Menurut Yudi, paradigma materialistik tersebut merambah pada dunia pendidikan, sehingga wajar kalau dalam 15 tahun reformasi ini justru memperkuat liberalisasi politik dan pragmatisme pembangunan.
Menurut Yudi sejak dulu watak partai itu cenderung pragmatis dan untuk kepentingan kelompok dan kepentingan yang sempit. Yudi menjelaskan parpol tak ada yang berkomitmen atau memiliki cetak biru untuk memperbaiki bangsa ini. Anehnya itu dilanjutkan di era reformasi ini.
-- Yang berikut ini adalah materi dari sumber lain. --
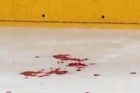 VIDEO Hokejový masakr. Po tvrdém hitu praskla lebka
"Dengan begitu maka Pancasila dan Kebhinnekaan tak bergigi, tak terlaksana, dan tak diamalkan dalam kehidupan bermasyarakat, berbangsa, dan bernegara," katanya.
Sementara anggota DPD RI John Pieris menilai jika elit politik dan partai saat ini tak mampu memberikan keteladanan dalam menjalankan nilai-nilai Pancasila dan kebhinnekaan dalam berbangsa dan bernegara.
"Elit politik dan penguasa itu sebagai pelanggar Pancasila dan kebhinnekaan dengan membuat UU untuk melakukan korupsi secara kolektif. Untuk itu regulasi itu harus menghapus oligarki politik, dan korupsi yang dilakukan secara struktural bikrokratis. Mereka inilah yang merusak Pancasila, dan mereka pula yang paling bertanggung jawab. Bukan rakyat," katanya menjelaskan.
John menduga munculnya terorisme dan anarkisme masyarakat akhir-akhir bisa jadi disebabkan perilaku elit dan penguasa yang korup tersebut.
Budayawan Radhar Panca Dahana mengakui jika partai sejak awal menjadi bibit penggerus Pancasila dan kebhinnekaan. Bahkan parpol telah merampas peran tokoh-tokoh daerah, dengan mengutamakan kepentingan oportunis pragmatis, sehingga reformasi ini menghasilkan korupsi dan keburukan-keburukan.
"DPD juga ambil peran daerah, tapi meninggalkan entitas, keunggulan, dan keluhuran budaya lokal. Dengan kewenangan barunya, saya khawatir DPD sama saja dengan DPR RI," kata Radhar.
Menurut Radhar para anggota DPD harus membawa nilai-nilai primordial yang kuat ke pentas politik nasional, sehingga tidak ada penyeragaman. Nilai-nilai primordial inilah yang akan menguatkan kebhinnekaan Indonesia.